Aussitôt que Mme de Bussy m’eut mandé que notre ami Corbinelli étoit à Paris, je lui écrivis, et je voudrois bien, si Mme de Grignan va en Provence, que vous et lui prissiez, en la conduisant, votre chemin par la Bourgogne. J’irois au-devant de vous jusqu’à Bussy avec la petite Toulongeon et votre nièce de Bussy ; de là je vous amènerois à Chaseu, et puis à Montjeu, où j’ai des raisons de vous faire meilleure chère[11] qu’en pas un autre endroit.


  1. Lettre 393. — 1. La lettre est datée du 16e mars dans le manuscrit de l’Institut.
  2. 2. Tout ce qui précède manque dans le manuscrit de l’Institut, où la lettre commence ainsi : « Je viens d’être bien aise, Madame, en lisant deux lettres de deux de mes meilleures amies, qui, etc… et c’est à quoi je ne prétends plus manquer à l’avenir. » Ce qui suit est encore supprimé, et la lettre ne reprend qu’à ces mots : « Au reste, ma chère cousine, ne soupirez plus, etc. »
  3. 3. Voyez la note 15 de la lettre du 15 décembre 1673, et la lettre 391, p. 429 et suivante.
  4. 4.
    Ce respect, cette déférence,
    Cette foule qui suit vos pas,
    Toute cette vaine apparence,
    Au tombeau ne vous suivront pas.
    Quoi que votre esprit se propose,
    Quand votre course sera close,
    On vous abandonnera fort ;
    Et, seigneur, c’est fort peu de chose
    Qu’un demi-dieu quand il est mort.

    (Voiture, Épltre à Monseigneur le Prince sur son retour d’Allemagne, l’an 1645.)
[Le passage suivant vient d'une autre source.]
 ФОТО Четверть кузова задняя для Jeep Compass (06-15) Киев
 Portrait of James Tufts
  5. 5. La maréchale d’Humières. Voyez la lettre 391, p. 429.,
  6. 6. Dans le manuscrit de l’Institut on lit la place, au lieu de la plume, et la lettre de Mlle de Bussy commence ainsi : « Le mariage dont mon père vous parla pour moi l’année passée, ma chère tante, est présentement sur le tapis, et pourroit bien se faire. L’arrière-ban ne m’a pas mise en état de choisir, non pas parce qu’est bien gardé que Dieu garde : s’il n’y avoit eu que Dieu qui s’en fût mêlé, peut-être auroit-on pu espérer ; mais parce qu’est bien gardé qui se garde. Ainsi je n’ai plus d’autres ressources que la foiblesse du tempérament. Je suis persuadée, etc. » — Sur « ce mariage qui pourroit se faire, » voyez la lettre du 7 avril suivant.
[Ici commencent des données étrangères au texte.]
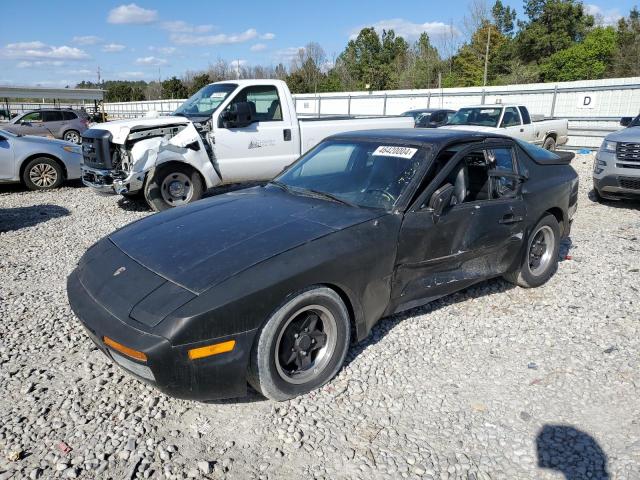 Продажа на аукционе авто 1984 Porsche 944, vin: WP0AA0946EN454481, номер лота: 46420004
  7. 7. Dans le manuscrit de l’Institut, entre la lettre de Mlle de Bussy et la reprise de son père, on lit cette transition : « Vous voulez bien, ma chère cousine, que je réponde à Madame de Grignan ? »
  8. 8. « Ne vous sauveriez-vous pas ? » (Manuscrit de l’Institut.)
  9. 9. « Et sans affaire de conséquence qui oblige à la demander, » (Ibidem.)
  10. 10. Au lieu de ces mots : « Mais le sentiment, etc., » on lit dans le manuscrit de l’Institut : « Je ne lui conseillerois pas de le dire ; » et la lettre se termine là.
  11. 11. Chère (en italien ciera, cera), mine, visage. C’est le sens du mot dans cette phrase des Mémoires de Mademoiselle (tome IV, p. 370) : « Le Roi la prit (une lettre où elle lui parlait en faveur de Lauzun)., et me fit fort bonne chère quand je revins. » — Montjeu appartenait à Jeannin de Castille, avec qui Bussy s’était réconcilié (voyez la lettre du 21 octobre 1673). Bussy et Mme de Sévigné s’étaient peut-être trouvés ensemble chez Jeannin au temps de leur jeunesse. Voyez la lettre du 22 juillet 1672, et Walckenaer, tome IV, p. 194 et 195.